Moti did not belong to the village. He was a small worried-looking man with grey hair and bad teeth. He was dressed in a dingy clerkish way. His dirty shirt sat neatly on him and the creases on his trousers could just be seen. In his shirt pocket he carried a fountain pen, a stunted pencil and pieces of soiled paper, the equipment and badge of the rural literate.

At Hanuman House they were three children among many; at Ajodha's there were no other children. ... At Prasad's they were again the only children and lived in a mud hut, which they thought quaint: it was like a large doll's house. Prasad didn't give money, but a thick red exercise book, a Shirley Temple fountain pen and a bottle of Waterman's ink.

The examination was on a Saturday. ... He was given Mr Biswas's pen, in case his own should fail. He was given a large new bottle of ink, in case the examiners didn't provide enough. He was given many blotters, many Sentinel pencils, a pencil sharpener, a ruler, and two erasers, one for pencil, one for ink. He said, "Anybody would believe I am going to this place to get married."

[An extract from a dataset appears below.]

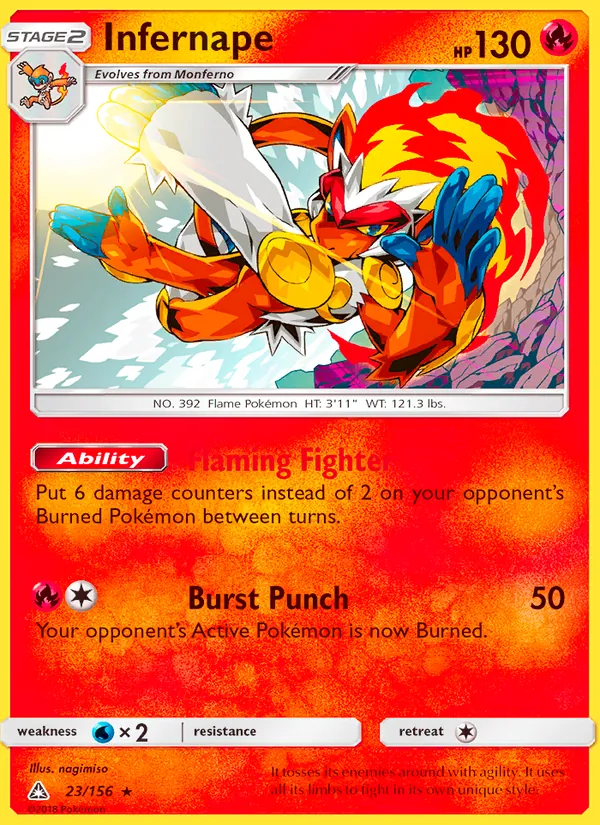 Infernape, Ultra Prism 023/156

The pen Mr Biswas has lent him, just in case, had leaked in his shirt pocket and left a large wet stain: it was though his heart had bled ink. His hair was disordered, his lips black and moustached with ink, his cheeks and forehead smudged. His face was drawn; he looked dejected, exhausted and irritable. ... "Here. Take back your pen."Mr Biswas took back his pen. It dripped with ink.